The Raiders enter Thursday with the No. 1 pick and a front office still finding its footing but they’re drafting like they’ve already found it.
Indiana star Fernando Mendoza is a foregone conclusion at No. 1, no debate there. Everything afterward is deliberate, methodical roster-building.
Look closer, and what emerges is a team papering over structural instability with draft optimism.
Considering the Raiders’ defense…
Yes, the Raiders added Taron Johnson, Quay Walker, Nakobe Dean and Kwity Paye. But adding four new starters to a unit that ranked 25th in points allowed and 30th in third-down defense doesn’t fix a system. It delays a reckoning.

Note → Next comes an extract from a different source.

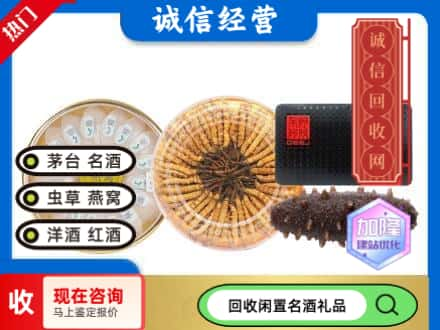 达州市回收礼品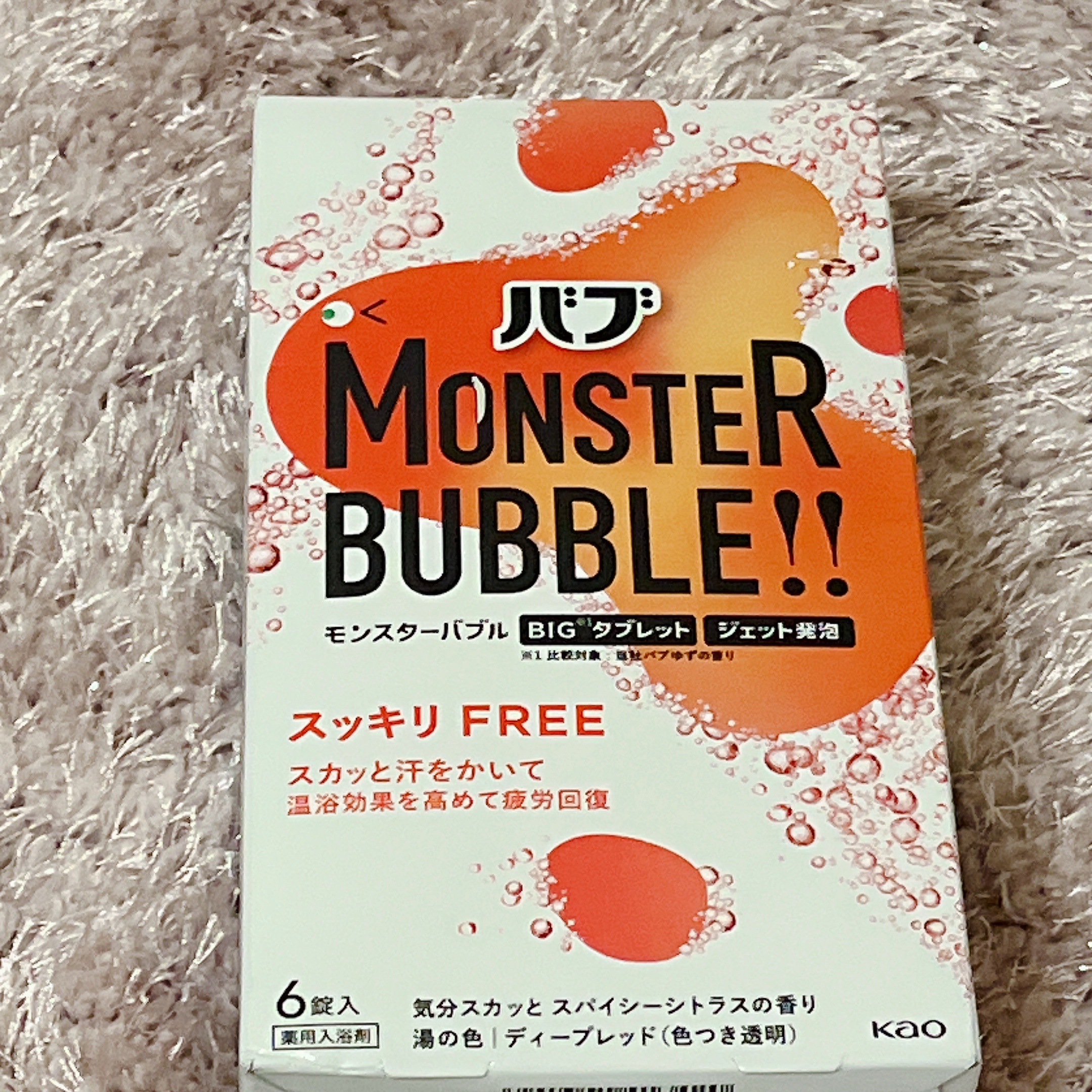 モンスターバブル スッキリFREE /バブ/炭酸系入浴剤を使ったクチコミ（1枚目）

New coordinator Rob Leonard hasn’t coached a regular-season snap in Las Vegas. Chemistry, scheme fits and accountability structures take time. Drafting Kayden McDonald or Christen Miller into that environment in Round 2 is a bet on rapid cohesion, not a guarantee of it.
The secondary situation is similarly precarious. The Raiders need multiple safeties, are unsettled at cornerback and are counting on second-year player Darien Porter to take a developmental leap. That’s three secondary uncertainties entering a season where Mendoza’s protection and confidence are paramount.
Bud Clark and Kamari Ramsey are intriguing prospects. But projecting either as an immediate contributor is draft-room optimism dressed up as strategy.
What about John Spytek?
Then there’s John Spytek, who deserves credit for candor but warrants scrutiny. He conceded he tried to “do too much” in 2025. That’s a meaningful admission. But the corrective, leaning on Brian Stark and Brandon Hunt and trusting Klint Kubiak’s vision, assumes institutional alignment that simply hasn’t been tested yet.
Alignment in a pre-draft press conference is not alignment under pressure on Day 2, when trade offers are coming in and the board has shifted.
The Raiders’ six picks in the top 150 aren’t leverage. They’re obligated. Las Vegas must nail multiple selections across positions, with a front office still calibrating its own decision-making process around a franchise quarterback on a rookie deal.
The No. 1 pick guarantees Mendoza. It guarantees nothing else.